New this year — we have a fantastic lineup of hands-on tutorials! There are two parallel sessions of half-day and full-day tutorials on Tuesday, a full-day tutorial on Wednesday, and a half-day tutorial on Thursday afternoon. The tutorials are part of the ICSE program: if you are registered for ICSE week on Tue/Wed/Thur then you are free to attend that day’s tutorials.
These are hands-on tutorials. So, bring your laptop. Check out the prerequisites (some prerequisites ask you to download software or acquire accounts in advance). Come prepared to learn something new!
Running Applications on Kubernetes
Time: Tuesday, May 28, 9:00-12:30
Kubernetes (k8s) is an open-source system for automating deployment, scaling, and management of containerized applications. Kubernetes adds an abstraction layer to infrastructure whether that infrastructure is on-premises, in the cloud, or hybrid. Run and migrate workloads to the most appropriate deployment environment.
This workshop is an introduction to running applications on Kubernetes. The workshop includes a mix of lecture and hands-on labs. Participants will package a Java application into a Docker container, and then deploy and manage that application in Kubernetes.
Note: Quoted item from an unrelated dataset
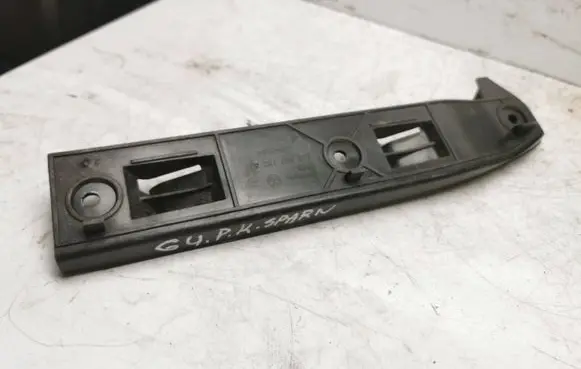 Volkswagen Golf IV Front bumper mounting bracket 1J0807183A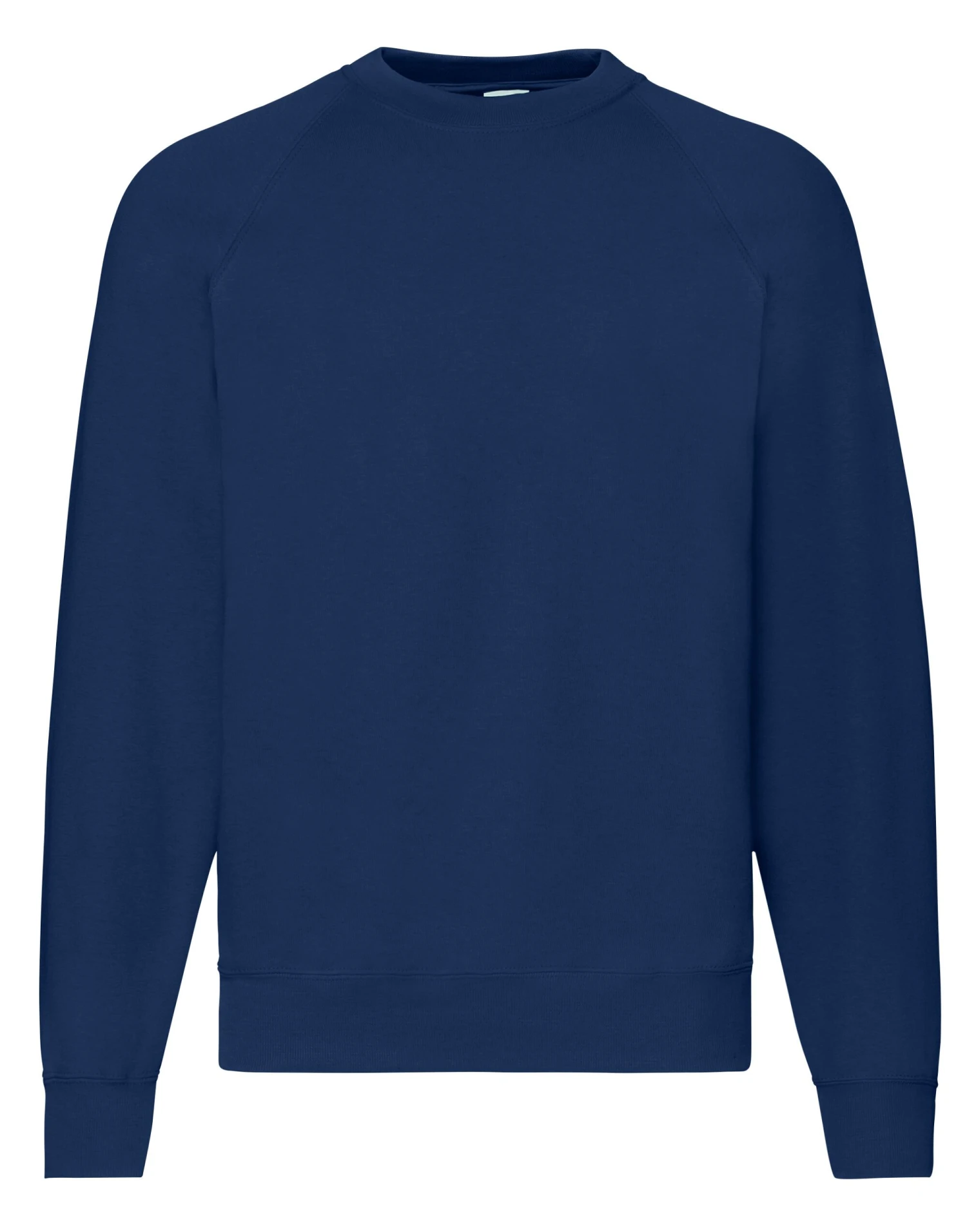 Fruit Of The Loom Mens Classic Raglan Sweat 8 Fruit Of The Loom Mens Classic Raglan Sweat - Image 6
This workshop will utilize a number of services provided by Google Cloud Platform but the concepts are portable to any environment.
During this session, participants will:
- Package a simple, sample application into a Docker container
- Create a Kubernetes cluster
- Deploy the sample application in the Kubernetes cluster
- Scale the application, both up and down
- Upgrade the application
- View information and statistics about the application and k8s cluster
By the end of this workshop participants will be able to:
- Describe various features and benefits for Kubernetes
- Deploy and manage applications on Kubernetes
Nathen Harvey has been active in the DevOps community for almost a decade, putting the practices of DevOps to work and helping others learn and implement those practices. As a Cloud Developer Advocate at Google, he helps the community understand and apply DevOps and Site Reliability Engineering (SRE) principles and practices in the cloud to drive business outcomes. Prior to joining Google, Nathen led the Chef community whom he helped adopt continuous automation to build, deploy, and manage applications in fast, secure ways. He also has a background in running operations and infrastructure for a diverse range of web applications. Nathen is a co-host of the Food Fight Show, a podcast about Chef and DevOps.
Participants should bring a wifi-enabled laptop to the workshop. Participants will be given access to Google Cloud Platform for all of the labs. It’s best that participants of this workshop have some familiarity and comfort with the following:
- Basic web administration
- Basic system administration
- Working on the command line
Train a model with TensorFlow and run it in the browser
Time: Tuesday, May 28, 14:00-17:30
Josh Gordon and Robert Crowe
Please join us for an introductory TensorFlow workshop, taught at the beginner level. In this half-day session, we’ll introduce TensorFlow, then work through several simple exercises using tf.keras, TensorFlow’s latest and easiest to use high-level API. We will train a few models in Python, then work through each step needed to run a model in the browser (entirely client side, and interactively!) using TensorFlow.js. Next, we will serve our model using a REST API. The tutorial assumes basic prior machine learning experience, but is taught at the beginner level, and you can probably follow along even if you’re entirely new to the field. We’ll be available afterwards for discussions and deeper technical content if you have anything you’d like to chat about. There is no software to install, we’ll do everything in Colab.
Josh Gordon works on the TensorFlow team at Google, and teaches Deep Learning at Columbia University. He has over a decade of machine learning experience to share. You can find him on Twitter at @random_forests.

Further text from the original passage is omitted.